'''

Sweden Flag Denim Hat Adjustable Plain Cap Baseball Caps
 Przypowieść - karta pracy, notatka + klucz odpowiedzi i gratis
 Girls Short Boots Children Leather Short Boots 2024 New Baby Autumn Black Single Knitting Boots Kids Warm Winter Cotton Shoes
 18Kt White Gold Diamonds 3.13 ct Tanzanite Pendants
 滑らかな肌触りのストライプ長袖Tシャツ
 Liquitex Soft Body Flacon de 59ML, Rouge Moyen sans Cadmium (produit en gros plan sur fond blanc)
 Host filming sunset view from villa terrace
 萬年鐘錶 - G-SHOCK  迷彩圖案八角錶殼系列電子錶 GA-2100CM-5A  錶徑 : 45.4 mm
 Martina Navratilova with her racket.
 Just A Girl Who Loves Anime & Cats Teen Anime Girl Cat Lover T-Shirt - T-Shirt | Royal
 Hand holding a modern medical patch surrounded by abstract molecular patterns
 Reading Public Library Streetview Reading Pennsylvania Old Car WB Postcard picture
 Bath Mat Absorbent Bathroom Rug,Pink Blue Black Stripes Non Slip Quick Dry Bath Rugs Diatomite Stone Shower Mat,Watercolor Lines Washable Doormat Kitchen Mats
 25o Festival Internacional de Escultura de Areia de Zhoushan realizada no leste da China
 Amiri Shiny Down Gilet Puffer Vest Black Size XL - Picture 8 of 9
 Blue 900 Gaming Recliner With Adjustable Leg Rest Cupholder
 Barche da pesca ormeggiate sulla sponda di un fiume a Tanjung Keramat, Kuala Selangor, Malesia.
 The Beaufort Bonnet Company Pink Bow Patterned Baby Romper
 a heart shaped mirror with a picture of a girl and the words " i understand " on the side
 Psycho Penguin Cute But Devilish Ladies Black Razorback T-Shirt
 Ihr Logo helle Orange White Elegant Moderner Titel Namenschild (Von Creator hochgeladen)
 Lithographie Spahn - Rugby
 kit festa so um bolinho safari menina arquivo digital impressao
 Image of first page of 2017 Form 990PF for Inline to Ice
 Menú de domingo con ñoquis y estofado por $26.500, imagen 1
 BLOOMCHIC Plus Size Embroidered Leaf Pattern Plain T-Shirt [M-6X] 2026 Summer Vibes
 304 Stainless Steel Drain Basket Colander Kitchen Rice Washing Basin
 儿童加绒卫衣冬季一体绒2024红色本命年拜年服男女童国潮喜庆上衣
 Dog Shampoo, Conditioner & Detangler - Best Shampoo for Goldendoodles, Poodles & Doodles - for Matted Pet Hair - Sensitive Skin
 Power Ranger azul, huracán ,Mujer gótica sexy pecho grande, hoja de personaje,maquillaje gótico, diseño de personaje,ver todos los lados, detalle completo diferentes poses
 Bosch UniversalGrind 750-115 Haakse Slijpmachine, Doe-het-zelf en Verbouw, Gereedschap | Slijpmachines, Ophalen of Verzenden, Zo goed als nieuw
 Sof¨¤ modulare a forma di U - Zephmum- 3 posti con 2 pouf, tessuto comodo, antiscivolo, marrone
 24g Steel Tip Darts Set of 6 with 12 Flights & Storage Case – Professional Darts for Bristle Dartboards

'''

### DIRECTIONS
Reproduce exactly the section above that begins at the line containing "The Beaufort Bonnet" and ends at the line containing "Lithographie Spahn - Rugby", leaving out all other lines.

### EXERCISE SOLUTION
 The Beaufort Bonnet Company Pink Bow Patterned Baby Romper
 a heart shaped mirror with a picture of a girl and the words " i understand " on the side
 Psycho Penguin Cute But Devilish Ladies Black Razorback T-Shirt
 Ihr Logo helle Orange White Elegant Moderner Titel Namenschild (Von Creator hochgeladen)
 Lithographie Spahn - Rugby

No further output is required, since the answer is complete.